С женитьбой у него ничего не вышло. Плохо жили. Не успел Лысый жениться, как к супруге зачастил бывший с какими-то претензиями. Однажды дверь ему открыл Лысый в семейных трусах и без разговоров зарядил в челюсть. Бывший кинулся вниз, но на первом этаже его догнал Володя с огромным ножом в руках и со всего размаху засадил в брюхо. Вот только промазал и разорвал несколько куртку. Бывший вырвался, но уже за дверями с улицы прокричал, что еще вернется. Лысый его с удовольствием ждет.
Через год жена подала на развод, да все как-то недружелюбно проходило. Начала бывшая супруга, а она была актрисой, приводить после спектакля в квартиру к Лысому, в свою комнату, компании. Чуть ли не каждую ночь – оргии до утра. Провоцировали Лысого на скандал. Хотела, приблудная, отсудить что-нибудь из жилплощади в Киеве. Приводила-приводила, пока в один прекрасный момент Лысый не выбросил её вещи с балкона второго этажа. Компания, как раз, высаживалась из такси прямо под окнами. Вот и у Вовчика в жизни беспорядок.
Касеус передал вернувшемуся Мартыну дела и сообщил, что он отваливает. Касеус женился на дочери начальника, поступил в институт и решил делать советскую карьеру. Бог в помощь.
Мартын же по возвращении загулял, и найти его не было пока никакой возможности. Каждый день ночует в новом месте. Я передал через Ленина, чтобы Мартын объявился.

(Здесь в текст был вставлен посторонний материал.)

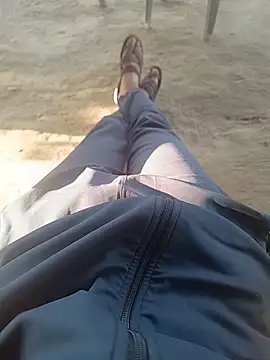 Delhi_BoyBigcock live sex cam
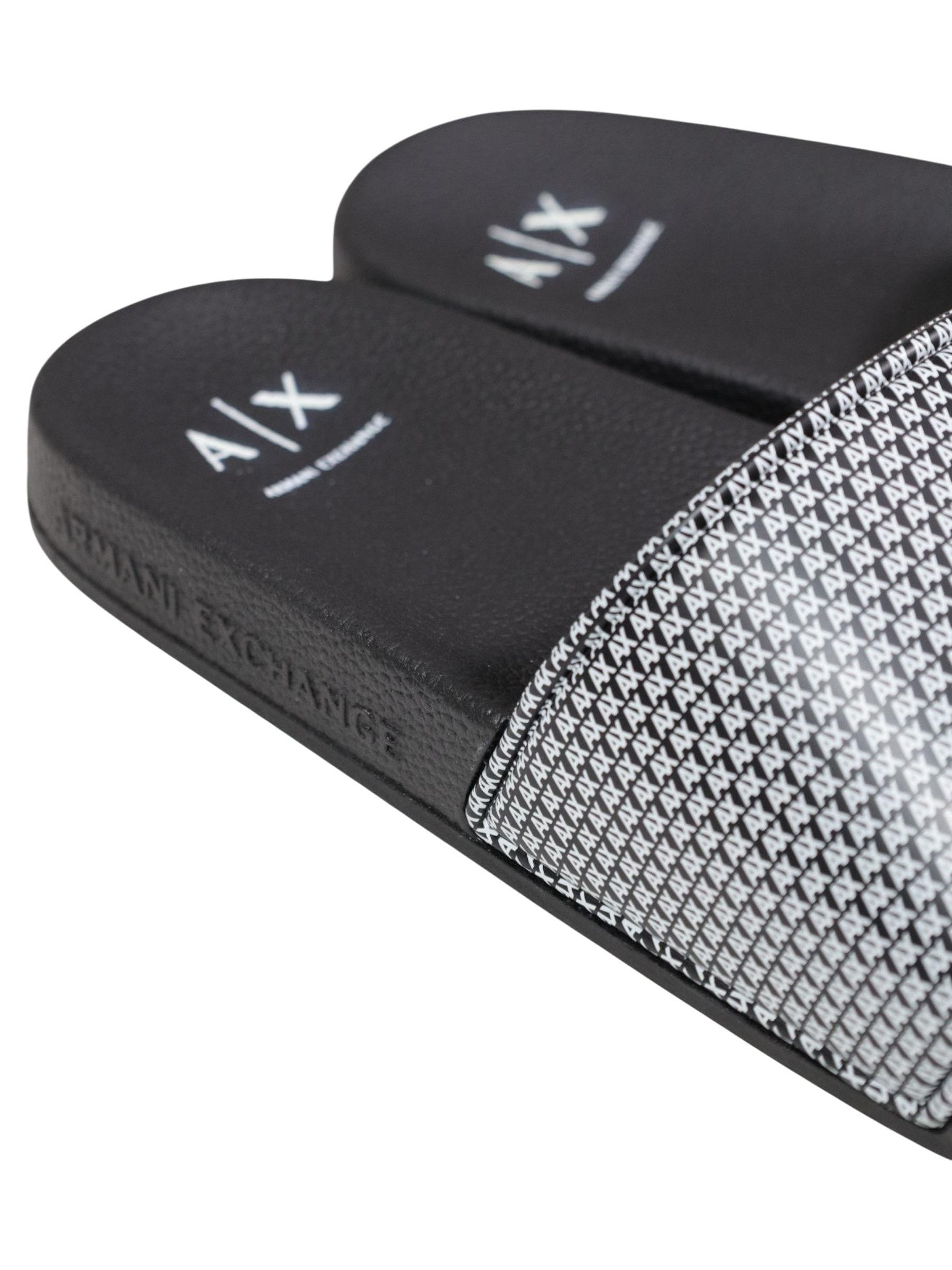 Armani Exchange · Чехли · XM002886 AF24948 | DontMiss.bg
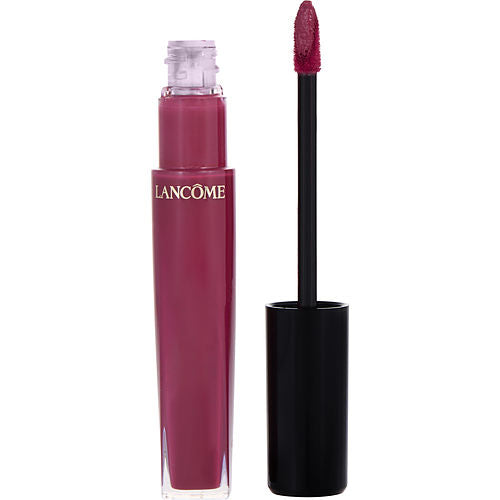 LANCOME - L'Absolu Velvet Matte - # 397 Berry Noir  --8ml/0.27oz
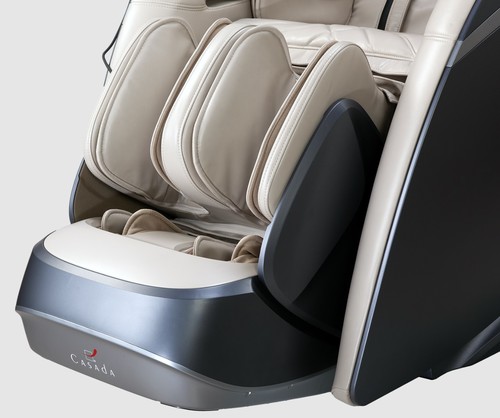 כורסת עיסוי Casada Skyliner III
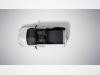 Foto - Mercedes-Benz Citan 110 CDI SOFORT VERFÜGBAR | Kasten | Klima | Radio | Parksensoren hinten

Миха получил два года дисбата за драку и сидел на Востоке. Кудя передал дела Акуле и сосредоточился на учебе в КИСИ, которую он подзапустил во время отсутствия реального руководства. Нивковскую и сырецкую компанию собирает по кускам Акула, но пока не справляется.
Плотник сумел рассориться со всеми святошинскими, и на сходняке был переизбран. Вместо него выбрали Явора. Толик постарше Плотника. На Кременецкой мы жили в одном доме. Когда я пошел в первый класс, Толик уже был в четвертом. К седьмому классу я его догнал. Переехав на Борщаговку, мы уже учились в одном классе. Это грузный, выше среднего роста, темноволосый пацан с крупным носом и толстыми губами. Густые брови, как у Леонида Ильича. Производит тяжелое впечатление на собеседника, когда смотрит на него мутными глазами пристально с прищуром.
Соображает туговато, но если сообразит, то с пути его уже ничем не собьешь. Хоть стреляй из гранатомета. На Святошино его побаиваются, а значит уважают. Плотник далеко в сторону не отошел. За эти пару лет, и он сумел собрать вокруг себя кое-кого. Как они там поладят?
Один Спидола не подвел. Ну, в нем я никогда и не сомневался ни единой секунды. Спидола передал мне общак, все дела и сообщил, что уезжает в геологическую экспедицию начальником партии. Как-то незаметно он и Универ закончил.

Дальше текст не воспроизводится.